* [TASK GOAL]:
In the entries below, find each line with the string "visible" and copy it.

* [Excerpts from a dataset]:

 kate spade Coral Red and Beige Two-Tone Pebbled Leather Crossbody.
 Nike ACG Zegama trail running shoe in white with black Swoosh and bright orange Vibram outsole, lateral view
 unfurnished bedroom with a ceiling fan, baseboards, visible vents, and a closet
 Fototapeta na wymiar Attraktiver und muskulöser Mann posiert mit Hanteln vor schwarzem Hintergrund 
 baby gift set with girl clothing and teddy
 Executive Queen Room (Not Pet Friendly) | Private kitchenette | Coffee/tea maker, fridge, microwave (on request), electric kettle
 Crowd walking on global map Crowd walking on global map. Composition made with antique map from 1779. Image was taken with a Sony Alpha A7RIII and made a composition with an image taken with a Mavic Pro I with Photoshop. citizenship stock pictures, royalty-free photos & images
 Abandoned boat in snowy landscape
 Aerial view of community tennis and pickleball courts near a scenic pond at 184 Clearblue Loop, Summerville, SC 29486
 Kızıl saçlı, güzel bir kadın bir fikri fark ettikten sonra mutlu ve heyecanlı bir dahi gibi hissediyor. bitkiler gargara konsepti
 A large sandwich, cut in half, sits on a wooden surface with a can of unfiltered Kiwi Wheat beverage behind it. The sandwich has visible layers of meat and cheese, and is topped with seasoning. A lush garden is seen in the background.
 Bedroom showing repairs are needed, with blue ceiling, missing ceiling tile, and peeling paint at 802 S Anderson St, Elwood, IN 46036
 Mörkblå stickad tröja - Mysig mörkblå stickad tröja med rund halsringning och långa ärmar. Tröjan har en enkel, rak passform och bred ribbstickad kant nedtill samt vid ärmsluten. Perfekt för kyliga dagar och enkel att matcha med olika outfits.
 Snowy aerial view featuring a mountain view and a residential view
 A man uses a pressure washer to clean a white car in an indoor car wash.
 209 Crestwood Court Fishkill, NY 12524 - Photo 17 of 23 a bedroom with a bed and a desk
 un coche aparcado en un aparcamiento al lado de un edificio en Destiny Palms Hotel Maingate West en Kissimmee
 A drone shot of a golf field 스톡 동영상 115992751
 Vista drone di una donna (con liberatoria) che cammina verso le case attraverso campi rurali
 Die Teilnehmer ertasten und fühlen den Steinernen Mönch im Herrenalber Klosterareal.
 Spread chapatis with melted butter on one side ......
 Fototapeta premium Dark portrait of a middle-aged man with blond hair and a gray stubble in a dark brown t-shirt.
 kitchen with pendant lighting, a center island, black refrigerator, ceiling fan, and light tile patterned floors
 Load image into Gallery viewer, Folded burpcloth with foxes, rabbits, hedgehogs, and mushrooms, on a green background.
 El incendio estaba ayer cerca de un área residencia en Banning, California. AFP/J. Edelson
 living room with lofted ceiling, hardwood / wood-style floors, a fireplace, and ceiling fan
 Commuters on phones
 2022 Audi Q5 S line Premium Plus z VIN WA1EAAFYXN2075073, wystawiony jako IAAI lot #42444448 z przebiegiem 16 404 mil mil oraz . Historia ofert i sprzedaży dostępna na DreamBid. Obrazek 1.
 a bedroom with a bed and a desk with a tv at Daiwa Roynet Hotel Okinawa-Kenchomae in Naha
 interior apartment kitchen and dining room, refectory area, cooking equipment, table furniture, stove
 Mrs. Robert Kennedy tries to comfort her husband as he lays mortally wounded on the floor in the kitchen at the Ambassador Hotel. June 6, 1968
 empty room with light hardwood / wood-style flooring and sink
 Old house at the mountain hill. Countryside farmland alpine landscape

* [RESULT OF THE EXERCISE]:
 unfurnished bedroom with a ceiling fan, baseboards, visible vents, and a closet
 A large sandwich, cut in half, sits on a wooden surface with a can of unfiltered Kiwi Wheat beverage behind it. The sandwich has visible layers of meat and cheese, and is topped with seasoning. A lush garden is seen in the background.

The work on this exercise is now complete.